The Problem with IQ Tests

IQ (Intelligence Quotient) tests have been the litmus test for intelligence for the last century. There is no single “IQ test,” and each test only measures certain aspects of intelligence. Therein lies the problem with IQ tests: they are intended to act as a measure of intelligence, but how can you measure a person’s intelligence based on answers to a few questions in one test?problem with IQ tests

Why are IQ tests used

The goal of IQ tests is to predict someone’s academic potential, the likelihood of a learning disability, and general potential for success. IQ tests seek to evaluate an individual’s cognitive ability, or their ability to understand ideas. Specifically, they test a person’s reasoning and critical thinking skills. IQ tests can be helpful for identifying learning needs whether a student needs more help than others or whether they can handle more challenging work.

Limits of IQ tests

A  study by Adam Hampshire of the Brain and Mind Institute confirmed what many people already believed: IQ tests are poor indicators of intelligence. They developed a test designed to evaluate 12 “pillars of wisdom” in order to obtain a comprehensive understanding of an individual’s cognitive skills, from memory to planning. The 12-part test was taken by over 100,000 people and the results proved that there was no single “quotient” that could measure intelligence. They identified at least three factors that were essential to predicting intelligence: “short-term memory; reasoning; and finally, a verbal component.”
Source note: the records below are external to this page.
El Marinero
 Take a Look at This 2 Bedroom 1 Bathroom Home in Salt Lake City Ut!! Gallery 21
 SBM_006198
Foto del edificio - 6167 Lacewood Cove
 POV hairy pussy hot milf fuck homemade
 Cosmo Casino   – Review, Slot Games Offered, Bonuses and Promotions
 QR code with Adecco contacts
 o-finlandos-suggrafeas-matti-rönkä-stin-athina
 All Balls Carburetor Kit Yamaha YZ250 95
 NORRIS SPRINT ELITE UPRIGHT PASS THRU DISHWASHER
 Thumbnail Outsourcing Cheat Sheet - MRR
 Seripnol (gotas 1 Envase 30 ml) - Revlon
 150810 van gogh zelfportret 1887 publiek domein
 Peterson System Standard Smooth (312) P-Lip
Additionally, IQ tests are unable to measure variable aspects of intelligence like emotional and social intelligence. Both of these are crucial factors in assessing an individual’s potential for success, but they are not tested in IQ tests. Ultimately, IQ tests only really measure how well an individual takes an IQ test and little more.

IQ tests have the potential to inaccurately measure an individual’s intelligence and cause problems including low confidence, unrealistic expectations, and just a generally flawed understanding of a person’s potential.

The moral of the story is this: every person is different, and while an IQ test can be useful for identifying certain strengths and weaknesses, you should be proactive when evaluating your student’s learning needs and look beyond their IQ score. Identifying your student’s ability level in areas not tested by an IQ test, such as creativity and is essential to maximizing their potential for success.